100,000 Grandparents and Parents In Immigration Backlog

100,000 grandparents and parents in immigration backlog

MARINA JIMANEZ

Globe and Mail Update
June 10, 2006

Canada's Immigration Department illegally discriminated against people who applied to bring their parents and grandparents to Canada, causing waits to escalate to as long as a decade, according to a recently filed lawsuit.

Currently, documents filed with the lawsuit say, 100,000 parent and grandparent sponsorship cases are in the backlog and applicants are charged a $550 processing fee in advance, even though the files might not be opened for two years, and might not be processed for many more.

Lorne Waldman, the Toronto immigration lawyer who initiated the lawsuit, says the government has no legal right to discriminate against a certain kind of immigration applicant.

Documents obtained under the Access to Information Act show that the Immigration Department deliberately “managed downward” the target for parents and grandparents, the lawsuit says. Ottawa dramatically reduced the Mississauga immigration office's resources to process parent and grandparent applications, and established quotas in offices overseas to restrict the number of visas to parents and grandparents. This plan was not made public, and the lawsuit alleges that the Immigration Department “made efforts to conceal the true state of the backlog and delay.”

“The government has not given itself the legal authority to prefer one type of immigration application over another,” Mr. Waldman said. “[Applications] Theymust all be processed in the same timely manner. If the government wants to limit people's ability to bring in their parents, it must be done publicly and in a transparent fashion.”

Waiting times in many other immigration categories are much shorter.

The documents show that beginning in 2002, the government quietly changed its target for grandparents and parents to 6,000 from about three times that to maintain a 60-40 split between skilled worker and family-class immigrants; the government has an annual target of between 230,000 and 250,000 newcomers. The lawsuit alleges the reduced “target” for grandparents and parents effectively “bottlenecked” the category.

Immigration officers in missions abroad expressed concern and noted the growing frustration of applicants, according to the documents, which were obtained by Vancouver immigration lawyer Richard Kurland.

An official in the Hong Kong mission noted that “it will take us nine years to clear the cases currently in our inventory.” A Canadian immigration official at the mission in Trinidad said, “we are really in very deep in this category, especially as neither we nor anybody else had any forewarning of such restrictions.” A memo from the Islamabad mission noted: “The problem will have to be addressed openly.”

Another internal memo shows that in recent years, while the immigration processing centre in Mississauga received 600 applications a week to sponsor parents and grandparents, it processed only half this number, which led to a significant backlog.

The lawsuit also alleges that the government misled the public by providing applicants with historic waiting times, instead of true waiting times, which ballooned to as long as seven years.
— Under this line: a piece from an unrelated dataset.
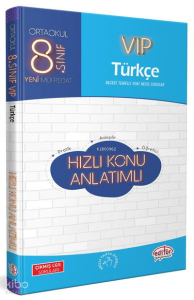 Editör 8.Sınıf Vıp Türkçe Hızlı Konu Anlatımlı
Mr. Kurland notes in an affidavit that in 2005, 100,000 parent and grandparent sponsorship cases were in the backlog.

Internal documents also show that immigration officials were concerned that large backlogs threatened to undermine Canada's competitiveness due to “unacceptable waiting times for some clients.”

The lawsuit is based on the case of Ming Chen, a Vancouver permanent resident who filed an application in July of 2004 to sponsor his parents, but became concerned that the sponsorship would take as long as 10 years.
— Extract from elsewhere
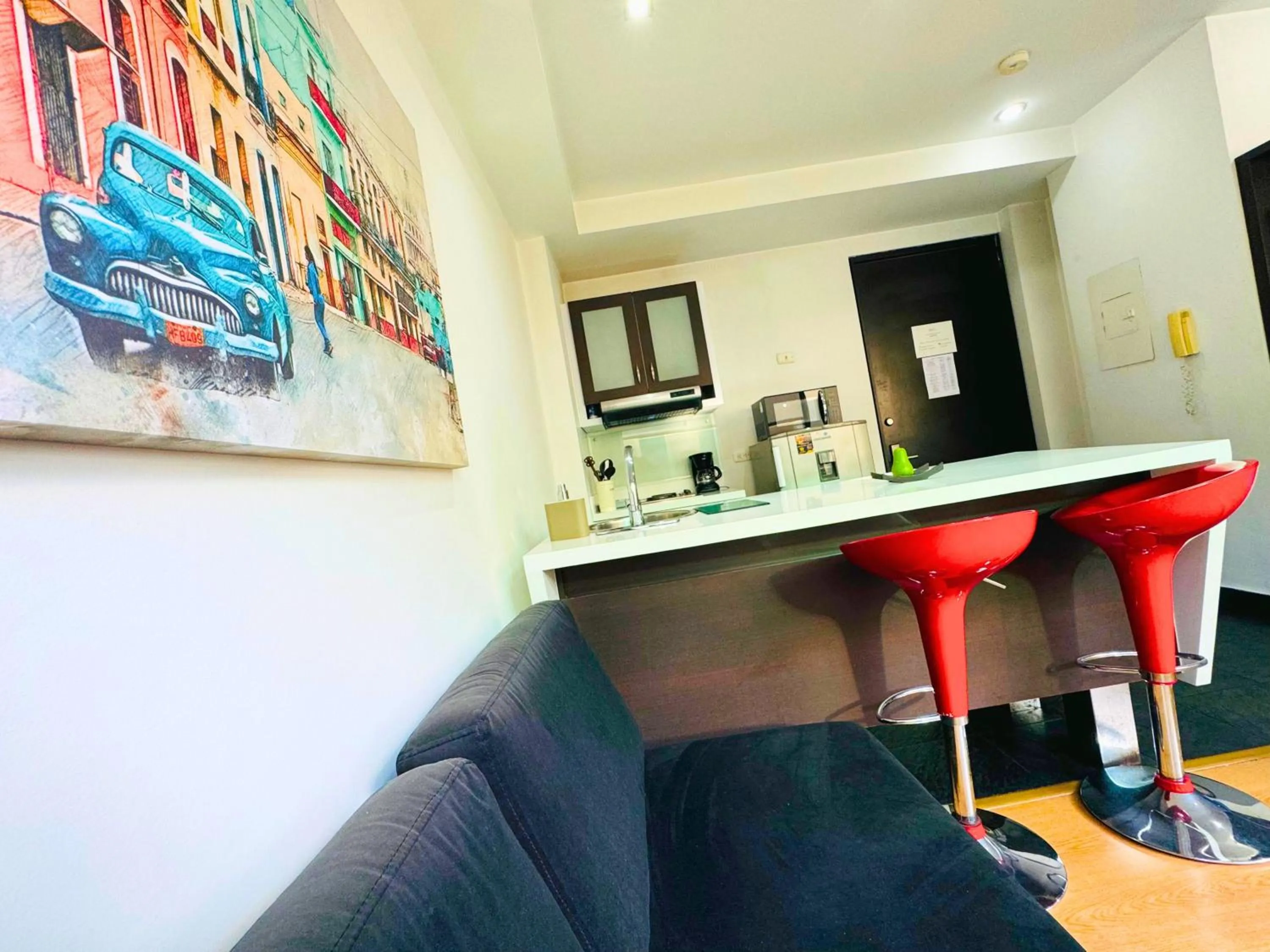 Living room in Aparta Suite Continental Bogotá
In March of 2005, he signed, along with 90 others, a petition asking the immigration minister to increase the number of sponsorships for parents and grandparents.

Marina Wilson, a Citizenship and Immigration Canada spokeswoman, said that she cannot comment on the lawsuit. But she noted that in April of 2005, then-immigration-minister Joe Volpe increased the target for parents and grandparents to 18,000. “We put in place extra staff and increased funds to process the anticipated increase in volume of cases,” Ms. Wilson said.

The lawsuit will be heard in Federal Court next month.